Preferred Qualifications:

  • Simulation Tools: Experience with NVIDIA Isaac Sim, Unity ML-Agents, or specialized industrial simulators.
  • Deployment: Knowledge of deploying RL policies on edge devices or real-time control systems.
  • Publications: Research contributions to conferences.

Job Description

This role involves bridging AI research and production engineering. You will design, build, and optimize high-performance infrastructure to scale AI models across our platforms. Expertise or interest in LLMs is a strong plus.

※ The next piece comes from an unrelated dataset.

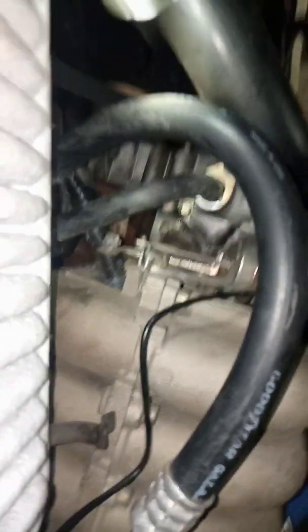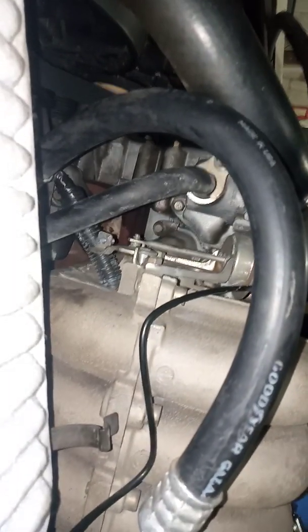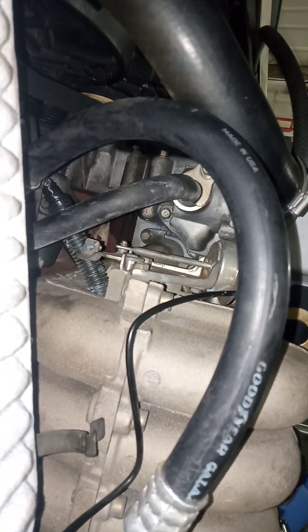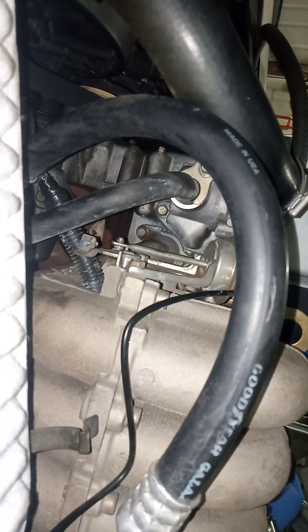See that? Found a problem straight up. See the smoke coming out of there? First I thought it was coming out of my injector, but it's a fucked intake manifold gasket.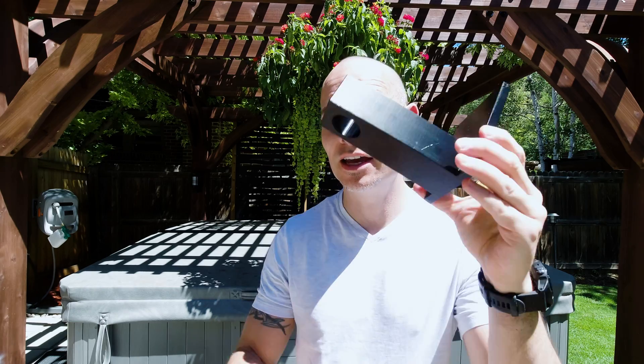Welcome back to the channel. I'm Brian Lovett aka B-Love. Today we're going to talk about the difference between PLA and PETG and why for functional 3D prints you want to use PETG. Let's get into it.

  • Inference Optimization: Optimize AI model inference (latency/throughput) using techniques such as quantization, pruning, and hardware acceleration (CUDA/TensorRT).
  • Infrastructure Management: Design and maintain scalable GPU clusters and containerized environments using Kubernetes and Docker.
  • MLOps Pipelines: Develop and automate end-to-end ML pipelines, including automated testing, continuous deployment, and real-time monitoring.
  • System Integration: Collaborate with AI researchers to transform experimental models into reliable, production-ready APIs and services.
  • Resource Allocation: Monitor and optimize GPU/CPU utilization to ensure cost-effective scaling of AI workloads.

Preferred Intern Educational Level

PhD student in Computer Science, Artificial Intelligence, Data Science, or a related field.  Please note that we are unable to accept applications from undergraduate or Master's students at this time.

Skill sets or Qualities

Programming: Proficiency in Python; strong understanding of data structures and algorithms.

Deep Learning Frameworks: Solid experience with PyTorch or TensorFlow.

Cloud & DevOps: Experience with Docker.

System Design: Knowledge of distributed systems, RESTful/gRPC APIs, and database management.